Jorge Amado é o autor preferido por nove entre dez leitores brasileiros. O que se deve ao fato de o simpático escritor baiano reunir, em suas dezenas de romances, uma poderosa capacidade de contar histórias a um estilo veemente e apaixonado, temperando tudo com humor vivaz e picardia erótica bem ao gosto nacional. D.Flor e seus dois maridos (1967) permanece um romance atual e lido com prazer, pois reúne dois dos temas caros ao leitor: a boa mesa e a boa cama. Florípedes, a D. Flor do título, professora de culinária da escola Sabor & Arte (que se transforma malandramente no trocadilho saborear-te) perde seu marido Vadinho, malandro incorrigível, em pleno domingo de carnaval.
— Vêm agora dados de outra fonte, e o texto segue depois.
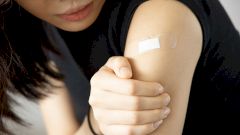 Стало известно, как жители России относятся к массовой вакцинации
De luto fechado, chorosa, recorda os altos e baixos desse relacionamento - que o leitor vai conhecendo em feedback. Mas, como ainda é jovem e bonita, desperta a atenção do corretíssimo farmacêutico Teodoro, com quem se casa. As diferenças entre os maridos são gritantes: se com Vadinho tudo era "louca vadiação", com Teodoro o sexo é regular e bem comportado; se com Vadinho o que sentia era emoção e insegurança, com Teodoro a solidez traz uma ponta melancólica de tédio. Até que o fantasma de Vadinho se intromete na cama de D. Flor e de Teodoro. Fantasia? Saudade? O romance não parece procurar respostas excludentes. Ao contrário, D. Flor é um livro que resolve, ou dissolve, o impasse do triângulo amoroso na possibilidade ambígua e inclusiva de dois amores para a desmedida do desejo humano. Numa leitura mais sociológica, a história de D. Flor aponta para o caráter complexo e contraditório da cultura nacional. Assim surge das páginas de Jorge Amado um Brasil rico em aspectos divergentes: país da abundância (as receitas baianas são um atrativo à parte) e da falta (a população pobre das ruas da Bahia), do erotismo desataviado, mas também do preconceito e da hipocrisia, país da cordialidade e da crueldade, da ordem e da desordem.